Your objective —
Copy verbatim the block of lines in the entries below whose first line contains "Björn Nord, Djurgården" and whose last line contains "Zeller 13145 Allzweckkiste, Nadelholz, 40". Leave out all other lines.

▽

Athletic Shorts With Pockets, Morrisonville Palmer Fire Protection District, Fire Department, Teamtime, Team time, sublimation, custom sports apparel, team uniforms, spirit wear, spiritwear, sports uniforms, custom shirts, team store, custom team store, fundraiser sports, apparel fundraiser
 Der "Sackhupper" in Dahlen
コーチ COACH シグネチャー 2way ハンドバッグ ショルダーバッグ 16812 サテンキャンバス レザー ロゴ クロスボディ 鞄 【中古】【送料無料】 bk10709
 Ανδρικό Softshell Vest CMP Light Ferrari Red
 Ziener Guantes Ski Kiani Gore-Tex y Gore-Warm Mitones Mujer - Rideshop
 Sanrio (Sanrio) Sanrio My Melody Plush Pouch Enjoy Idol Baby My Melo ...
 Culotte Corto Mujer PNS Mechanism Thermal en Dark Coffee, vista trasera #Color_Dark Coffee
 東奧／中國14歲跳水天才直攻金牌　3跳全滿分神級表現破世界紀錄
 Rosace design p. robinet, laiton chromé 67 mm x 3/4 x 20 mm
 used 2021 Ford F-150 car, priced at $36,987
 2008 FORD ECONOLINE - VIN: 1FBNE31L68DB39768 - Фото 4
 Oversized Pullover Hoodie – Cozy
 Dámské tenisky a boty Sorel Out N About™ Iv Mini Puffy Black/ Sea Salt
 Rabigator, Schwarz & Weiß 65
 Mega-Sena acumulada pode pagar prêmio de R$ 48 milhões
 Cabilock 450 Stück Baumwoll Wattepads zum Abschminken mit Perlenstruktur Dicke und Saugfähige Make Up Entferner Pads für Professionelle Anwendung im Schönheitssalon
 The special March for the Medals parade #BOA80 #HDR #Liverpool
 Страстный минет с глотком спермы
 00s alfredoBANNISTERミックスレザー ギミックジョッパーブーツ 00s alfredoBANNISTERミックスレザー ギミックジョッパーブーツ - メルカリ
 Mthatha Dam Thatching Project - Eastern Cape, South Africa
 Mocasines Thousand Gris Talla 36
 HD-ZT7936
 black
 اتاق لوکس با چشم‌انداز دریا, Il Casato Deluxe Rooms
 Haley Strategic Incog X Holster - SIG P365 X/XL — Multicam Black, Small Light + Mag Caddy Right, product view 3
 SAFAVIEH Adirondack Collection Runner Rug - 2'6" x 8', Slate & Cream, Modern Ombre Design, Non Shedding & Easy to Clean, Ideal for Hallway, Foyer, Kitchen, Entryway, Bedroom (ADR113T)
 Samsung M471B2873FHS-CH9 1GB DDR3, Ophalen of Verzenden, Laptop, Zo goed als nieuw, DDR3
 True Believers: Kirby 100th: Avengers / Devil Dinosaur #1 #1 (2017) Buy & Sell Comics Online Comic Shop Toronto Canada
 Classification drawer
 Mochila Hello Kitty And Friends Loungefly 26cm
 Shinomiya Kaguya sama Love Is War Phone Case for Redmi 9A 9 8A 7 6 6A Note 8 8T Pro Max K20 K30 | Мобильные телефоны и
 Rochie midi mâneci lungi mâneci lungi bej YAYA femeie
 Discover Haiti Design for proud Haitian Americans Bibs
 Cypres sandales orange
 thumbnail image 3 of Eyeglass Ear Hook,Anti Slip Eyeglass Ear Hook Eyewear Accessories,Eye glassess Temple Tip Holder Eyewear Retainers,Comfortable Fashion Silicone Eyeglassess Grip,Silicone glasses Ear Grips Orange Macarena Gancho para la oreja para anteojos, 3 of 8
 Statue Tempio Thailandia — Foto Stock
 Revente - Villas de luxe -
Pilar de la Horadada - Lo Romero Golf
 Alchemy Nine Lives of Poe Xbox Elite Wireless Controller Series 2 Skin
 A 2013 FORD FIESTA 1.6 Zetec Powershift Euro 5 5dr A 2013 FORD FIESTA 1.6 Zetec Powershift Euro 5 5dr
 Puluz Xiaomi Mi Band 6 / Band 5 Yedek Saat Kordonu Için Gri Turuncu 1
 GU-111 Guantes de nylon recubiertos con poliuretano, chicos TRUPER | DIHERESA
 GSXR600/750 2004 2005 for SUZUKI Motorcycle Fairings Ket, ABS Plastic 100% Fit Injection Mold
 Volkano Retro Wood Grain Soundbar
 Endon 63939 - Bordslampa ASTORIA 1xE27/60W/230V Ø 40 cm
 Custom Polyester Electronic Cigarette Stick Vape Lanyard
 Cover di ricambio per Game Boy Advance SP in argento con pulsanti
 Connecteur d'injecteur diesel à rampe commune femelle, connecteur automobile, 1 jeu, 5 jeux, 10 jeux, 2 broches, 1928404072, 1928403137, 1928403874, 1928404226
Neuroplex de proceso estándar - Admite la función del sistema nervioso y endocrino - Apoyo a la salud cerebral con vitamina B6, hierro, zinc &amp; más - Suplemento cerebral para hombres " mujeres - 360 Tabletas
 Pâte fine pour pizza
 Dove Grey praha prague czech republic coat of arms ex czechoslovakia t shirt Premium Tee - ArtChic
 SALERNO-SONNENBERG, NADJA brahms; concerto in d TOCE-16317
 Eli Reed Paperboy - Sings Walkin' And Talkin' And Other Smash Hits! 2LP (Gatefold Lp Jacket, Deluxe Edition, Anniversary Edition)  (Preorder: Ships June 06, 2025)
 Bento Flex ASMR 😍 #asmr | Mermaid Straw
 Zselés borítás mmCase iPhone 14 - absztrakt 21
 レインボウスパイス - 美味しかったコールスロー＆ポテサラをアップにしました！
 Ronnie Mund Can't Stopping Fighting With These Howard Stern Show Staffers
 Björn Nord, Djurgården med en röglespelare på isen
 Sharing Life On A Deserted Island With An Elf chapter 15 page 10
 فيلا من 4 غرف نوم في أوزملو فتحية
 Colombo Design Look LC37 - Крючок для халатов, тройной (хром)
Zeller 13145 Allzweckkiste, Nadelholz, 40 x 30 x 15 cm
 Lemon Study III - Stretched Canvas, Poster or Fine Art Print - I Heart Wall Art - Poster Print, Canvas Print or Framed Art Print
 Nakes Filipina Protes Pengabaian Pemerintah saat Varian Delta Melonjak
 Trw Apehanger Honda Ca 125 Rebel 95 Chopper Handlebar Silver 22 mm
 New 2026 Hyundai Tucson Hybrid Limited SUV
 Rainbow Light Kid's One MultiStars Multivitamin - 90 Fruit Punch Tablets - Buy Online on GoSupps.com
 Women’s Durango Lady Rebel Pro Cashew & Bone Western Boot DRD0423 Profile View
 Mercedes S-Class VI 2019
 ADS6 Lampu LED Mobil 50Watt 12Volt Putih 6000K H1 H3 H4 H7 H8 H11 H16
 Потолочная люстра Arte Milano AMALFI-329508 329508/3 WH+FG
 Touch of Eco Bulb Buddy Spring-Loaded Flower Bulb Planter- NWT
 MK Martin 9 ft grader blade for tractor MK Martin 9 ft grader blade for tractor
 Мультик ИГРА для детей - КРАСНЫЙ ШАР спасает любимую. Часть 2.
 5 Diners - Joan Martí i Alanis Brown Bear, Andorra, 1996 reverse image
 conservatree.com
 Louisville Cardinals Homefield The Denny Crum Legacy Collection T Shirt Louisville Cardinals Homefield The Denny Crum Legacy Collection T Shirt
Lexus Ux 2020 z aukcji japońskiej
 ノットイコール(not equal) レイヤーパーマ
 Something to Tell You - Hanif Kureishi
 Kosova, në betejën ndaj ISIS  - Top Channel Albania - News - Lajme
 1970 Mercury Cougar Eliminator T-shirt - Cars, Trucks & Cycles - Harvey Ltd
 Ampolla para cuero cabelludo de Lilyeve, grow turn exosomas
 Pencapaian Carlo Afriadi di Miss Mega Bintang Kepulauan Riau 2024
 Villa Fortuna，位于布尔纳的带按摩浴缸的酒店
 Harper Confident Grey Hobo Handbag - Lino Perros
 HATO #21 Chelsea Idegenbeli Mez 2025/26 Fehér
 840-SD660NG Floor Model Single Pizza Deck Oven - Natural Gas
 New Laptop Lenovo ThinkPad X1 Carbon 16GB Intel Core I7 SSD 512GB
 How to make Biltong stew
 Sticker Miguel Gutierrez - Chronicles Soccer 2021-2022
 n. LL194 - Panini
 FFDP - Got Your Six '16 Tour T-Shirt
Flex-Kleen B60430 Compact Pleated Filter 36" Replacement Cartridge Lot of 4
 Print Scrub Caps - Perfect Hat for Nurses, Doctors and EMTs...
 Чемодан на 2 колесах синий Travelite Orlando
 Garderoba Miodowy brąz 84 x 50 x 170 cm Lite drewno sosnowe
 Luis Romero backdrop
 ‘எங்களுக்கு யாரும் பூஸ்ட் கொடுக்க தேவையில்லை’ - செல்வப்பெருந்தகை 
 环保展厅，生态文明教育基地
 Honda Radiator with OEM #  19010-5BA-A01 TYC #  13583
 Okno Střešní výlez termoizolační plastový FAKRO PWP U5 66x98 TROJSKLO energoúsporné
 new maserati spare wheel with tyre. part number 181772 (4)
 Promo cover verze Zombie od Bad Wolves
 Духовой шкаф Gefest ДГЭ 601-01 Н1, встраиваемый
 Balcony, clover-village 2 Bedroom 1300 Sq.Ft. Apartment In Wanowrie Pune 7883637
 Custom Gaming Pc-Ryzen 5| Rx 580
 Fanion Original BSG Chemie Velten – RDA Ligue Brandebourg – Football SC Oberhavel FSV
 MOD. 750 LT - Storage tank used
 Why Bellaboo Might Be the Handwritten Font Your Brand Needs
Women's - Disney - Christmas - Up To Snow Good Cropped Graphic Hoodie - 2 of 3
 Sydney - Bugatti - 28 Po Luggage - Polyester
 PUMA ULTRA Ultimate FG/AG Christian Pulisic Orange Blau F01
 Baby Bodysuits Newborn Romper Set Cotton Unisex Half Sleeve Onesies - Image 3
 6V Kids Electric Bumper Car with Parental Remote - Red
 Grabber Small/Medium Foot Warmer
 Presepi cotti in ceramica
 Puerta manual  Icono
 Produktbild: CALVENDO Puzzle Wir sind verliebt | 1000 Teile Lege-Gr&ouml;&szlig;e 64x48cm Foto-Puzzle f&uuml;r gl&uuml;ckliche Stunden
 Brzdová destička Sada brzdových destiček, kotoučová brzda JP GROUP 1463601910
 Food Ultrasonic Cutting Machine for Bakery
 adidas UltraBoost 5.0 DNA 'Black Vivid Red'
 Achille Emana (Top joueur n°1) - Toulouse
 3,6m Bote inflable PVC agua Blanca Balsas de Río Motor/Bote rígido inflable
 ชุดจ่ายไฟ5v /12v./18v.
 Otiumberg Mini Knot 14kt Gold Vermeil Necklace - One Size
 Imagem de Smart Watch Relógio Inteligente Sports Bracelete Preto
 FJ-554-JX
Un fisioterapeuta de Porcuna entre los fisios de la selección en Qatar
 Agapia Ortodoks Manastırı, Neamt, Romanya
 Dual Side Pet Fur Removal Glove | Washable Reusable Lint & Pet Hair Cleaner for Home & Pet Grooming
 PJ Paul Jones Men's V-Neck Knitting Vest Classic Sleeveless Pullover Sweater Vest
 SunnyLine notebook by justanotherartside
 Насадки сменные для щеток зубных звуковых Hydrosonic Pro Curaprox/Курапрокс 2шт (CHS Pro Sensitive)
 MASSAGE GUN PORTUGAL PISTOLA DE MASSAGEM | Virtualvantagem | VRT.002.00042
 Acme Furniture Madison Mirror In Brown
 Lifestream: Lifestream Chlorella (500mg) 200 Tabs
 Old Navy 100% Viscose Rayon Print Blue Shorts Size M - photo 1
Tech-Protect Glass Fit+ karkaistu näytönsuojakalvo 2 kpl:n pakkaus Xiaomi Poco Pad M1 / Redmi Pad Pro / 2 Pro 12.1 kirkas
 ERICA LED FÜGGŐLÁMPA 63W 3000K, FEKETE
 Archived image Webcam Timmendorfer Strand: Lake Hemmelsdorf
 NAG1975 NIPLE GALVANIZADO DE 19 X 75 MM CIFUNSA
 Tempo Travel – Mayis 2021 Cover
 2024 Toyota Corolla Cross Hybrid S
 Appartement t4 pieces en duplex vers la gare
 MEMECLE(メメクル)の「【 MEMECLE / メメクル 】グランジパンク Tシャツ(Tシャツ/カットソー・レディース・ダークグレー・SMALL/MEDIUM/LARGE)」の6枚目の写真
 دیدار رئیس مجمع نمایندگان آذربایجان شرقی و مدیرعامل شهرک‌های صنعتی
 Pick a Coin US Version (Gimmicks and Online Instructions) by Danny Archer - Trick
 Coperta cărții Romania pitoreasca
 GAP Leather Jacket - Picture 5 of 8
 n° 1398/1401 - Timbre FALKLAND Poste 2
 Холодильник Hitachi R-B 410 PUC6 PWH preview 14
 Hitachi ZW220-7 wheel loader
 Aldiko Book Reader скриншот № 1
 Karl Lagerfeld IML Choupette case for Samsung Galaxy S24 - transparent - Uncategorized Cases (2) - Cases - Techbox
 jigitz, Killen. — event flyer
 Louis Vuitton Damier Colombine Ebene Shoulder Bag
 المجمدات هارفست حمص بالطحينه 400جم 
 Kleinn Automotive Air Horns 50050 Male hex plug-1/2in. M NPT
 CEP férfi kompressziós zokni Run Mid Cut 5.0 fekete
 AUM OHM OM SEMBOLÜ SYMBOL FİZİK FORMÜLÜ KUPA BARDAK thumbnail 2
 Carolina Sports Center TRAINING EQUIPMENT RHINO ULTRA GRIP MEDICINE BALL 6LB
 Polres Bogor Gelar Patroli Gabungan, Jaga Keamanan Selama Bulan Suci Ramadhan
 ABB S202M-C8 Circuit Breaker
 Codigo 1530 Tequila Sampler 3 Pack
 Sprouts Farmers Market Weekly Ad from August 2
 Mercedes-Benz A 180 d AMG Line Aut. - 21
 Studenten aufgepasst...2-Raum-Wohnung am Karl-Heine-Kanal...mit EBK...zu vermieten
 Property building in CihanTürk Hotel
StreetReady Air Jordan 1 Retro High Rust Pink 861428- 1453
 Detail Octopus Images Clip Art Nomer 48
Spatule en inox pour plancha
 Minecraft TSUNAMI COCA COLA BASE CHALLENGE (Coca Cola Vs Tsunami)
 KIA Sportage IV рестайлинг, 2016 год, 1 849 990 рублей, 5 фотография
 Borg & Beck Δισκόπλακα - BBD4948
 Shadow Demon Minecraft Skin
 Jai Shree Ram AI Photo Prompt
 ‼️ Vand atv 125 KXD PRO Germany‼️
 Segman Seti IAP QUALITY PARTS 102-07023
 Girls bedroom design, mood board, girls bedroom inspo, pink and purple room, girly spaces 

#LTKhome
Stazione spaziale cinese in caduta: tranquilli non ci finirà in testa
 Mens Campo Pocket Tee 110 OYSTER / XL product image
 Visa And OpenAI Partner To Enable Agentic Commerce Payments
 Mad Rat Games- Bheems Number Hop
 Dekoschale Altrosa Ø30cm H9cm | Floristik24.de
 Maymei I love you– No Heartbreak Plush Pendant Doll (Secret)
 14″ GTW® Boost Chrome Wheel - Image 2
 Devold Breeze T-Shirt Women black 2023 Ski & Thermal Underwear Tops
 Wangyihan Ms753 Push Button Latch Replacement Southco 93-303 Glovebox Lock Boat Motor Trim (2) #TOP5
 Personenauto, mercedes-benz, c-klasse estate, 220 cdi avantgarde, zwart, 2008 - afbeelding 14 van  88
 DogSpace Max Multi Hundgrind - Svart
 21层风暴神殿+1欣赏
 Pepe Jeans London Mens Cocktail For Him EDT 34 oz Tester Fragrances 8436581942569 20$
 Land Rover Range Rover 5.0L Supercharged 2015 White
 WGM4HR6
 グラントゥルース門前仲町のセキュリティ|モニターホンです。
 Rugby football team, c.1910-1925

△

Answer below —
 Björn Nord, Djurgården med en röglespelare på isen
 Sharing Life On A Deserted Island With An Elf chapter 15 page 10
 فيلا من 4 غرف نوم في أوزملو فتحية
 Colombo Design Look LC37 - Крючок для халатов, тройной (хром)
Zeller 13145 Allzweckkiste, Nadelholz, 40 x 30 x 15 cm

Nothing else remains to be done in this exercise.